В четыре часа утра, когда начало светать и облако черного дыма понемногу рассеялось, янычары, поддержанные кавалерией, сломили последнее сопротивление защитников. Они врывались во все уцелевшие дома и жестоко рубили головы всем, кого обнаруживали внутри. И вскоре оказались перед церковью Святого Марка.

На верхней ступеньке храма, держась очень прямо и гордо опираясь на шпагу, по которой стекала вражеская кровь, стоял в окружении горстки уцелевших воинов доблестный Бальоне.

Шлема на нем не было, окровавленная кольчуга свисала лохмотьями, но ни одна морщина не прорезала высокого лба венецианского полководца, а взгляд его был спокоен и ясен.

Янычары, сразу же его узнав, остановились и умолкли.

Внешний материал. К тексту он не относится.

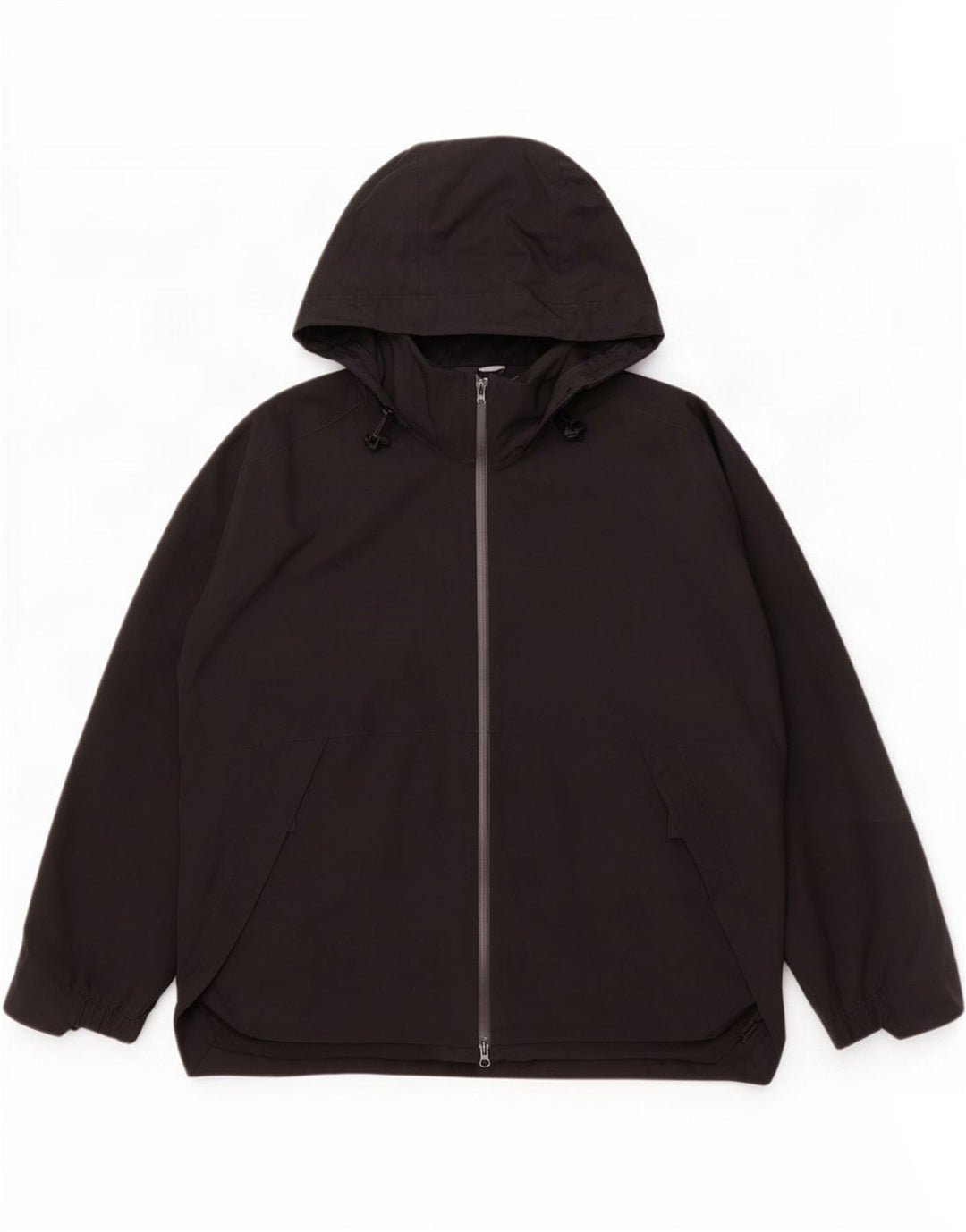 Adidas Herren-Trainingsanzug mit Kapuze, Jacke, groß, aus schwarzem Polyester
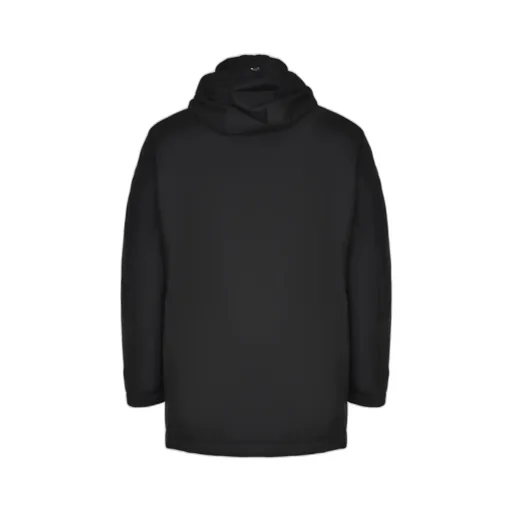 Long-Sleeved Hooded Down Jacket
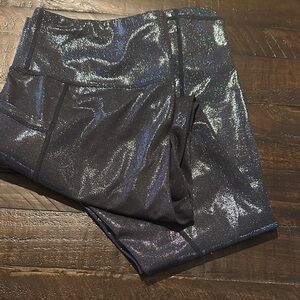 Constantly Varied Gear Iridescent Navy Sparkle Leggings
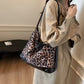 Leopard Print Personality Capacity Fashion Backpack with Large Storage - for Women leopard print personality large
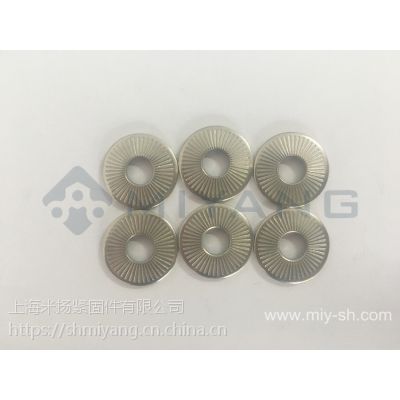 NFE25-511 L 大外径法式直纹锁紧垫圈 锥形直纹防松垫圈 上海米扬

Небывалое спокойствие этого героя, который столько месяцев не подпускал к городу огромное войско, собранное султанами Византии, и который своим доблестным мечом отправил в рай пророка более двадцати тысяч воинов Полумесяца, казалось, сразу обуздало этих диких зверей, жаждавших человеческой крови.

Паша, в шлеме, украшенном тремя зелеными перьями и с широкой саблей в руке, бесцеремонно пробирался сквозь ряды янычар на гарцующем коне. Ему не терпелось покончить с этой группой гяуров.

— Подставляйте свои головы под сабли моих людей! — крикнул он. — Вы побеждены!

Венецианский полководец лишь скривился в гневной усмешке, и в его глазах сверкнул огонь.

— Убивай, если тебе так не терпится! — ответил он, отбросив шпагу. — Только имей в виду, Лев Святого Марка не погиб вместе с Фамагустой и настанет день, когда его рычание услышат за стенами старой Византии.

Потом, протянув руку к распахнутым дверям церкви, продолжил:

— Там находятся женщины и дети, и вы собираетесь их убить. Они не окажут никакого сопротивления, давайте, бесчестите себя и славу воинов Востока, если хотите. История вас рассудит.

Паша молчал. Гордые слова венецианского полководца поразили его в самое сердце, и он не знал, что ответить.

В этот момент взвизгнули трубы и раскатилась барабанная дробь. Ряды янычар с шумом расступились и прижались к стенам домов.

Приближался великий визирь в сопровождении своих офицеров и охраны из албанцев.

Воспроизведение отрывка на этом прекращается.